I've already proposed we remove this.  No one is invested in it, I don't
think.

Matt

On Dec 10, 2017 2:38 AM, "William Allen Simpson" <
william.allen.simp...@gmail.com> wrote:

> I've run into another TLS problem.  It's been there since tirpc.
>
> Apparently, once upon a time, rpc_createerr was a static global.
> It still says that in the man pages.
>
> When a client create function fails, they stash the error there,
> and return NULL for the CLIENT.  Basically, you check for NULL,
> and then check rpc_createerr....
>
> This is also used extensively by the RPC bind code.
>
> Then, they made it a keyed thread local to try and salvage it
> without a major code re-write.
>
> With async threads, that's not working.  We've got memory leaks.
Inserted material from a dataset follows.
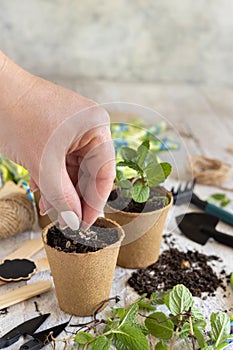 Hand planting seeds in biodegradable pots near garden tools. Indoor gardening, germinating herb seeds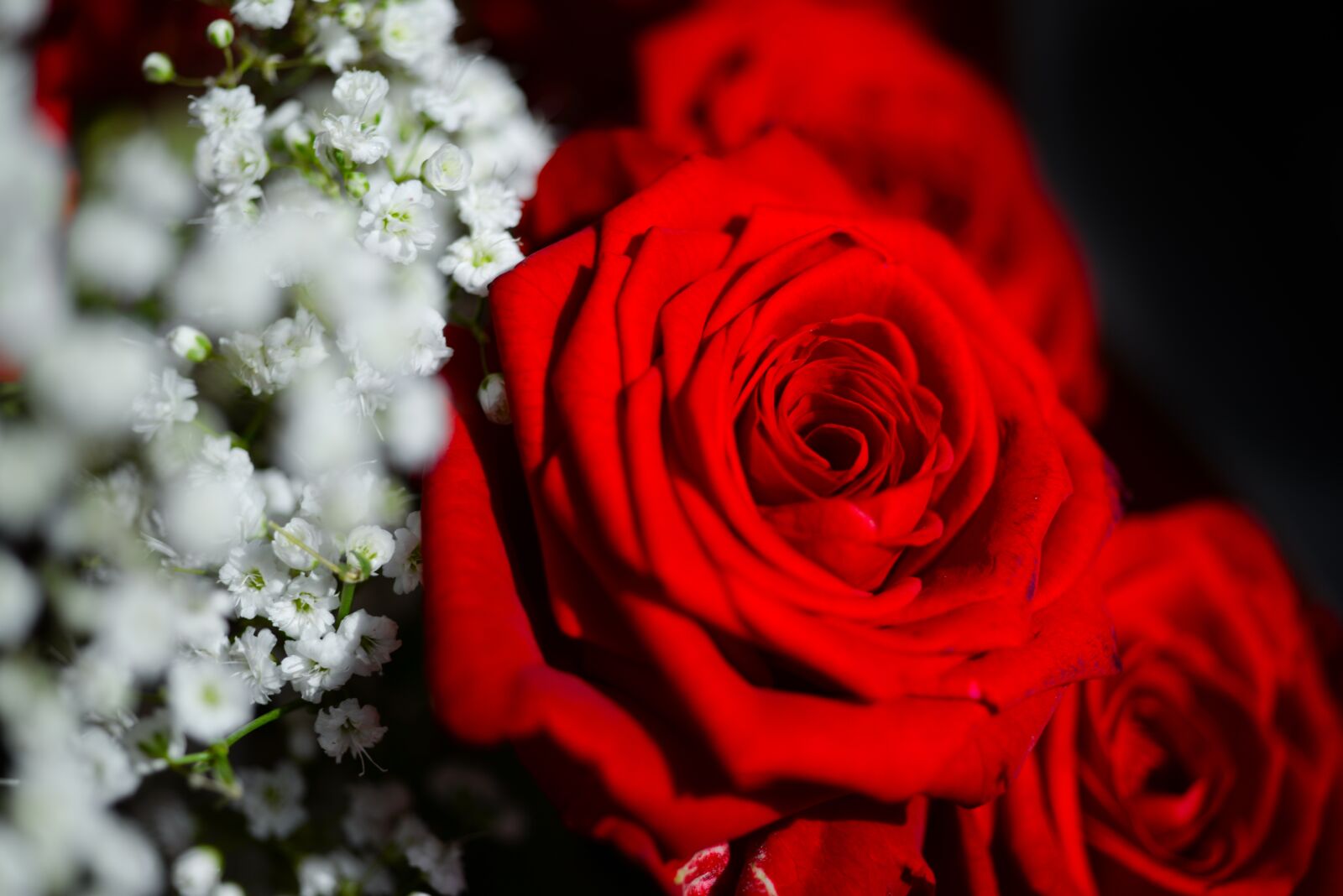 Nikon D610 sample photo. Rose, flower, petal photography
> AFAICT, only on errors.  But accessing them on a different
> thread gives the wrong error code (or none at all).  Not good.
>
> All the functions that use it are still not MT-safe, usually
> because they stash a string in global memory without locking.
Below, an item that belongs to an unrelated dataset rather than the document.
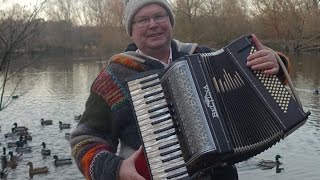 AkkordeonMusik am EntenTeich im Naturschutzgebiet Mönchbruch Hessen [upl. by Kellie]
> They need re-definition to alloc/free the string.
>
> Worse, it's not a good definition.
>
> rpc_createerr has both clnt_stat and rpc_err, but struct rpc_err
> also has a clnt_stat (since original tirpc).  clnt_stat is not
> consistently set properly, as it is in two places.  So the error
> checking code is often wrong.
>
> I'd like to get rid of the whole mess, but that means every client
> create would have new semantics.  Fortunately, there aren't many
> (in Ganesha).  Plus we already have new definitions -- all named
> *_ncreate with a tirpc_compat.h to munge them back.
>
> But should we do it now?  Or in 2.7?  We've been living with it for
> years, although recent code changes have made it worse.  Again, it
> only happens on errors.  Especially for RPC bind.